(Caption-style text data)
□ □ □ □

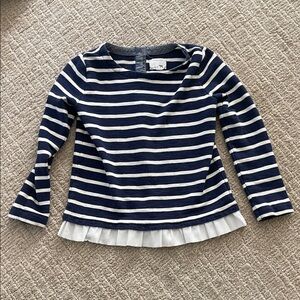 Crew kids Navy and White Striped Top size 6 - 7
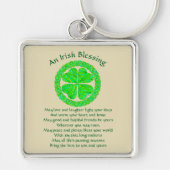 Z Irish Blessing Celtic Shamrock Sleutelhanger (Voorkant)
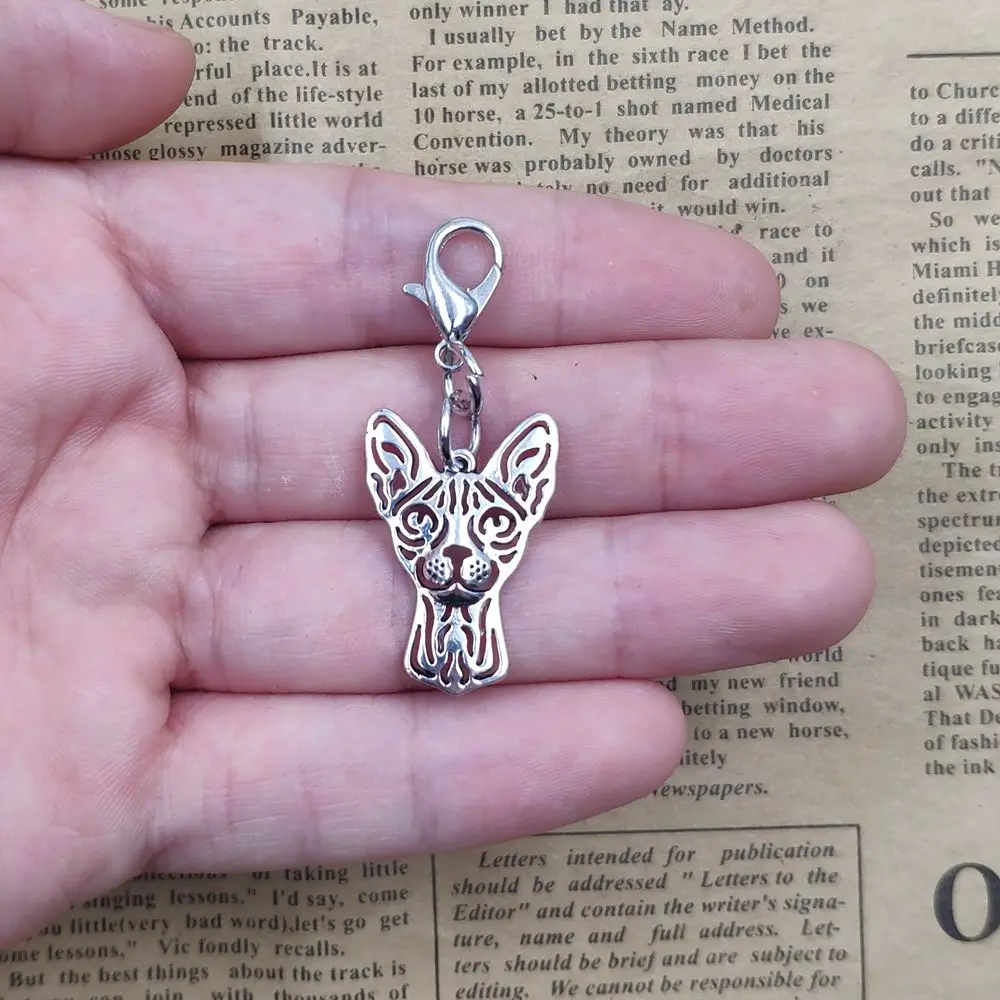 Sphynx Siamese Persian Bengal Lynx Tiger Lion Cheetah Cat Animal Keychain Key Ring Pet Retro Silver Plated Gift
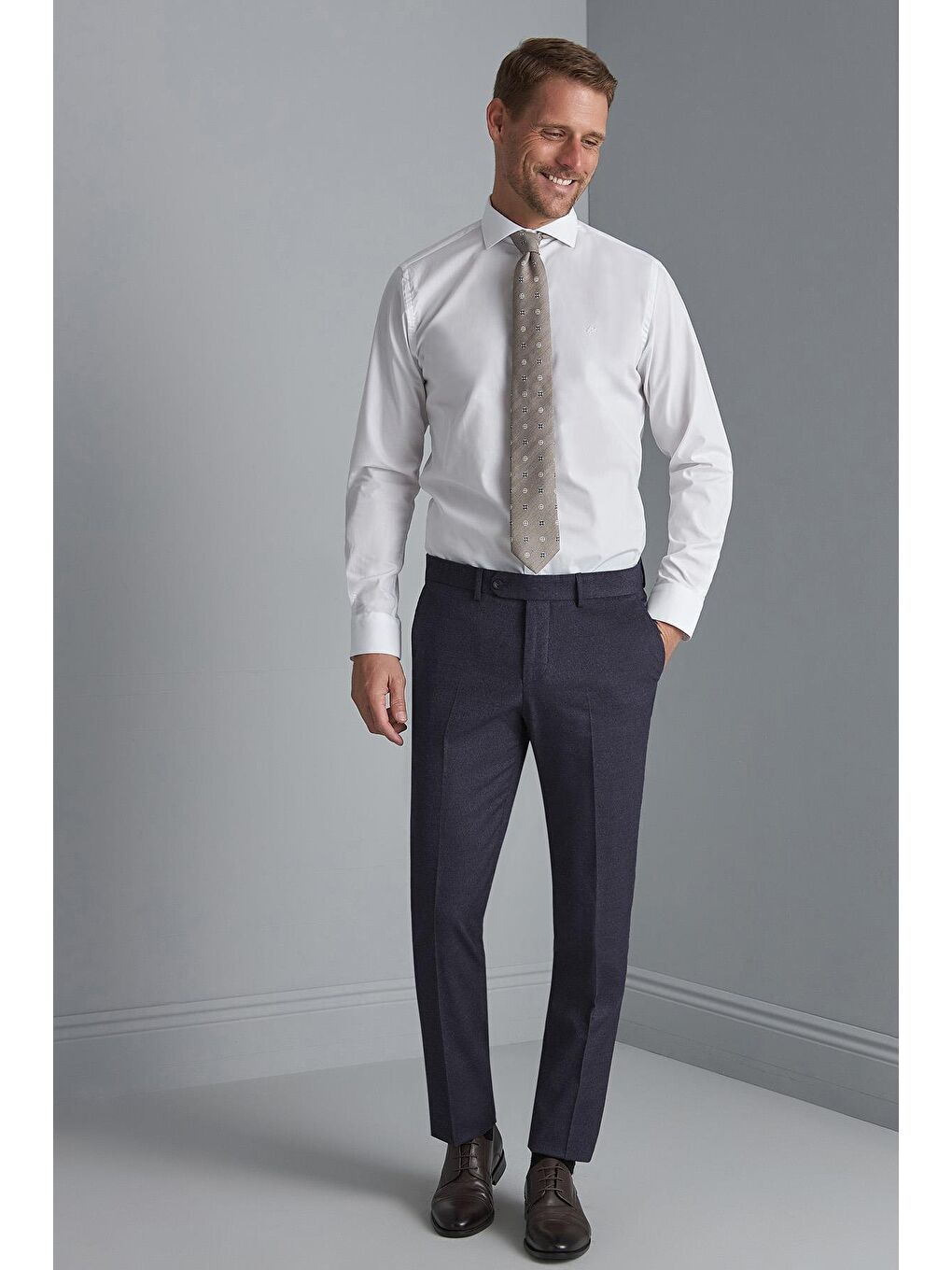 Lacivert Rahat Kalıp Normal Bel Düz Pantolon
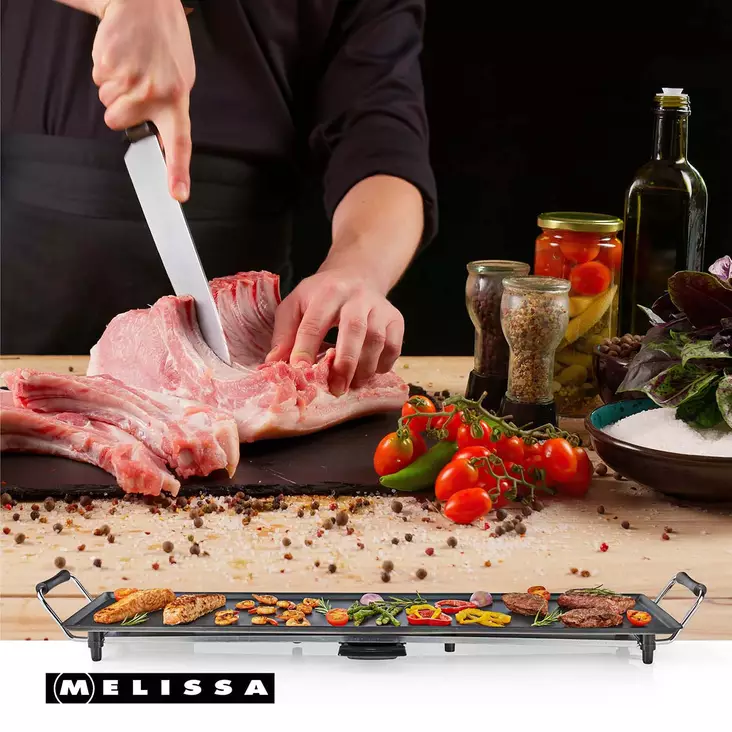 Teppanyaki Bordsgrill| 1800 W | 90 x 23 cm | Non-stick beläggning | Justerbar termostat | Cool-touch handtag - Specialmaskiner och grillar för köket - 8711902090045 - 5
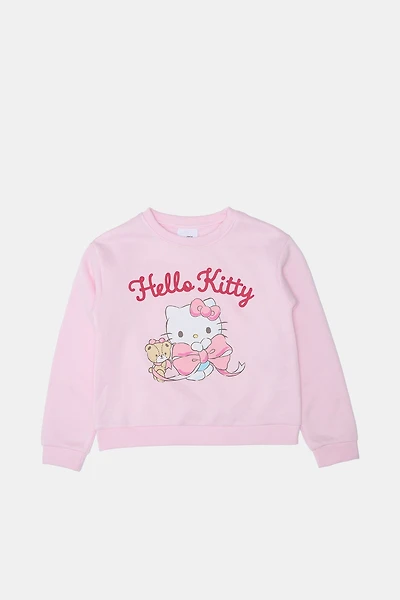 Girls Hello Kitty Graphic Sweatshirt - Light Pink /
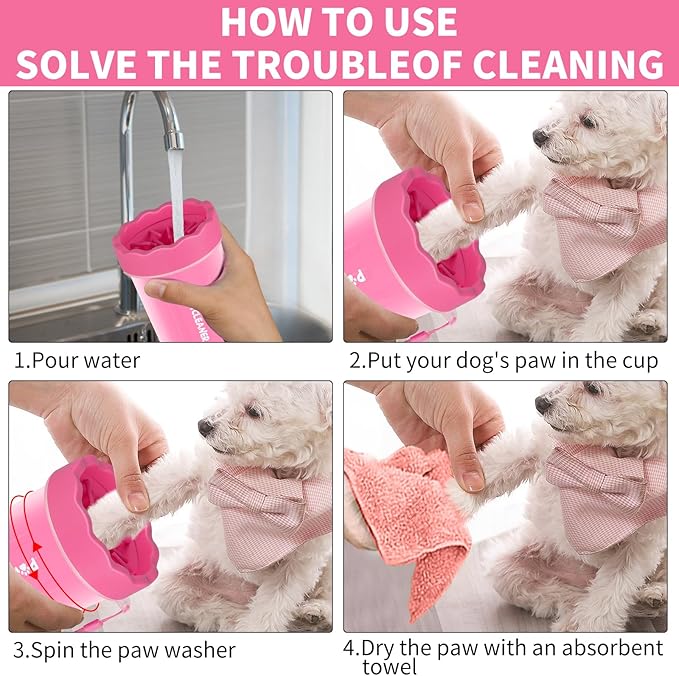 Comotech Portable Pet Foot Washer with Silicone Brush, 3 Absorbent Towels for Small Dogs (Pink)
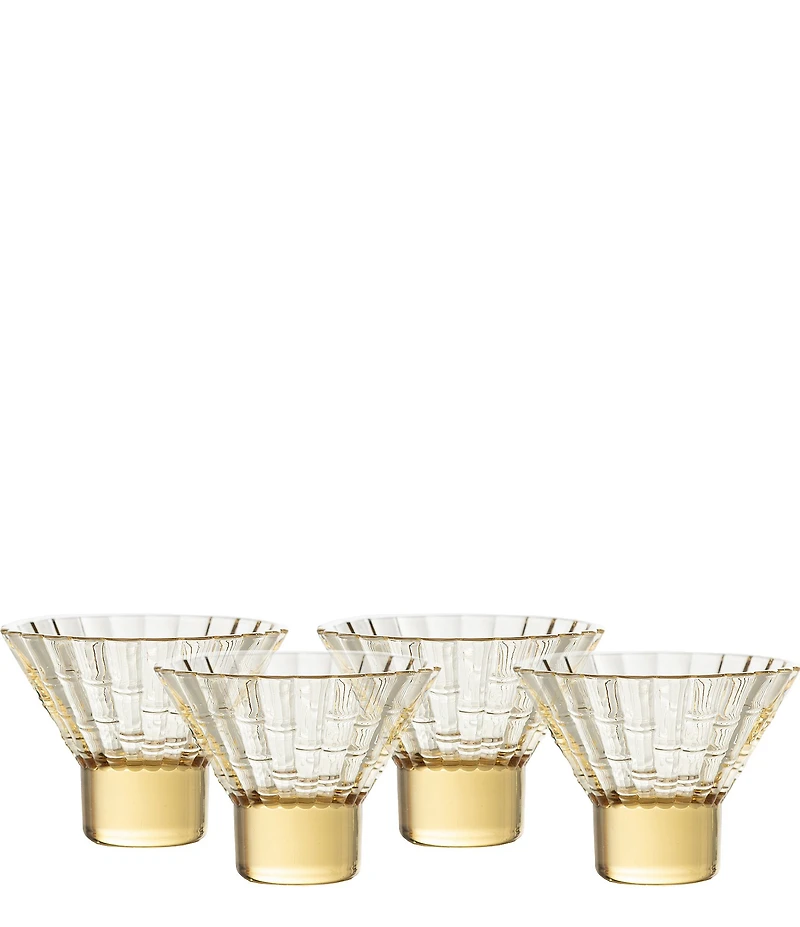 Fortessa Mahalo Collection Bamboo Inspired Martini Glasses, Set of 4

□ □ □ □

## Exercise aim:
Make an exact copy of only those lines that run from the line with "Lacivert Rahat Kalıp Normal Bel Düz Pantolon" through the end of the records, excluding pictures.

## Solution:
 Lacivert Rahat Kalıp Normal Bel Düz Pantolon
 Teppanyaki Bordsgrill| 1800 W | 90 x 23 cm | Non-stick beläggning | Justerbar termostat | Cool-touch handtag - Specialmaskiner och grillar för köket - 8711902090045 - 5
 Girls Hello Kitty Graphic Sweatshirt - Light Pink /
 Comotech Portable Pet Foot Washer with Silicone Brush, 3 Absorbent Towels for Small Dogs (Pink)
 Fortessa Mahalo Collection Bamboo Inspired Martini Glasses, Set of 4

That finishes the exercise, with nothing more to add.